- Museum number
Ornament and pubic cover made from carved and polished pearlshell (Pinctada maxima). Polished on the front and partially on the back. Incised decoration depicting two figures, both wearing pearshell ornaments (riji). They are performing an open dance known as ilma; also carrying an elaborate thread cross-dance decoration (also called ilma). Black pigment (perhaps charcoal) fills the incisions. One hole has been drilled for suspension, no cord remains.
- Production date
- 1920s (before ?)
Length: 15.60 centimetres
Thickness: 0.50 centimetres
Width: 12 centimetres
- Curator's comments
British Museum 1954 register description:
Another [pearlshell pubic ornament], with two figures shown wearing pubic ornaments.
For more information on Riji see: Akerman, K. and Stanton, J. 1994. Riji and Jakuli: Kimberley Pearl Shell in Aboriginal Australia. Monograph Series no. 4, Northern Territory Museum of Arts and Sciences.
In the Kimberley, in North Western Australia, large ornaments like this are known as riji or jakuli. The name for these pearlshell ornaments changes depending on the language group and region.
Information from Kim Akerman (2013): ) '...The design on this pearlshell is an image of an open dance (called ilma) and the performers are carrying an elaborate thread cross dance decoration (also called ilma) The shells that the dancers wore are riji - engraved shells decorated with the northern Dampierland bilaterally symetrical design. The term ramu = engraving, mark, etc in much the same way as walka is used in the western desert.'
Sarah Yu examined the pearlshell ornament and suggested that it is Pinctada maxima (26.08.14).

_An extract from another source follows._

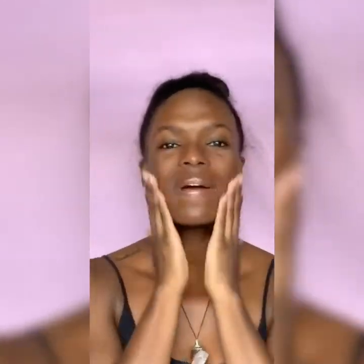And don't forget your decollete — this is your decollete. This is the spot that can show signs of aging the most, so just don't forget it, along with your neck.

Email from Ian Coates of the National Museum of Australia 12 June 2014 advises that this object derives from the sale of Emile Clement's estate in 1929. This information comes from research on Wellcome Museum Registers in the Wellcome Library. The auction sale was held by Stevens on 22 January 1929 and this item was part of Lot 539 (a number of pearl shells). Coates suggests that this item was likely acquired by Clement in the late 1920s from people he knew living around Roebourne, such as William Kruger. Wellcome Collection Number 46539.
- Not on display
- Exhibition history
2011-2012, 6 Oct-19 Feb, London, The British Museum, 'Grayson Perry: The Tomb of the Unknown Craftsman'
2015 23 Apr-2 Aug, London, BM, G35, Indigenous Australia: enduring civilisation
2015-2016 27 Nov-28 Mar, Canberra, National Museum of Australia, Encounters
- Acquisition date
- Africa, Oceania and the Americas
- Registration number
- Additional IDs
Previous owner/ex-collection number: 46539 (Wellcome collection number)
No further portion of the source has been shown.